━━ PROVIDED RECORDS

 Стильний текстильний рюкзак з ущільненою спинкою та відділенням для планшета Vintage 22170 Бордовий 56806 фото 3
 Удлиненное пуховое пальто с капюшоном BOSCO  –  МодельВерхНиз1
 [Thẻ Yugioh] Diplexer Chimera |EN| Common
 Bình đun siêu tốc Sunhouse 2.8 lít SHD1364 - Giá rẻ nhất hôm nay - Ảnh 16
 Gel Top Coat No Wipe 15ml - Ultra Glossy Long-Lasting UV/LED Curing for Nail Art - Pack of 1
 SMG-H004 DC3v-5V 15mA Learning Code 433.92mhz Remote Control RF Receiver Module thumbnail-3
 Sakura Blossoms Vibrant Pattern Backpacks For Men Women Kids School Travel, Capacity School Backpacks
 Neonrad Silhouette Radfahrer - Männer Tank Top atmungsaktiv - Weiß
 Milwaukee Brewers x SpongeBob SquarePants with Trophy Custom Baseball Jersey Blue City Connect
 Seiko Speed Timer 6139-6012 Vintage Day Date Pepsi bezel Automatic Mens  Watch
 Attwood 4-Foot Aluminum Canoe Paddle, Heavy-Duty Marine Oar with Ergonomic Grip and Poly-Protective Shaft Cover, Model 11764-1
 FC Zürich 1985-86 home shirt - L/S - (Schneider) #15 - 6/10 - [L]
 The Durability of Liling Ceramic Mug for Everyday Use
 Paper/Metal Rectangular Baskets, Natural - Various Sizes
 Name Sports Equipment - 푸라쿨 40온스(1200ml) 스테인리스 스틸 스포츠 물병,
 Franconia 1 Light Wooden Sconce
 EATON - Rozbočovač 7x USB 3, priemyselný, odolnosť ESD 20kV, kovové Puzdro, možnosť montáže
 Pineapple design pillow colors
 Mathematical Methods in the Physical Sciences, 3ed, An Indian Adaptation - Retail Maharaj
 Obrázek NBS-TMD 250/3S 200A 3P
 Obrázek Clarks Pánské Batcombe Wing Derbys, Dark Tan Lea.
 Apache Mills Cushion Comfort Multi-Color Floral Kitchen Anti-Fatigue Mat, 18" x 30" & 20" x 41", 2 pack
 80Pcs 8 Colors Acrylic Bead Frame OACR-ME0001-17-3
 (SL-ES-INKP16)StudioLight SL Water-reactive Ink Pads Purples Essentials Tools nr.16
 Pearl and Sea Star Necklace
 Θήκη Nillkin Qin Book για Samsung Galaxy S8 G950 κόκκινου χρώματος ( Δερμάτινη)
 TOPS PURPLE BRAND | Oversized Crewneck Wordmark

━━━━

[EXERCISE PROMPT] In the data above, which lines have "with"? Report each of them.

[REPLY TO THE EXERCISE]
 Milwaukee Brewers x SpongeBob SquarePants with Trophy Custom Baseball Jersey Blue City Connect
 Attwood 4-Foot Aluminum Canoe Paddle, Heavy-Duty Marine Oar with Ergonomic Grip and Poly-Protective Shaft Cover, Model 11764-1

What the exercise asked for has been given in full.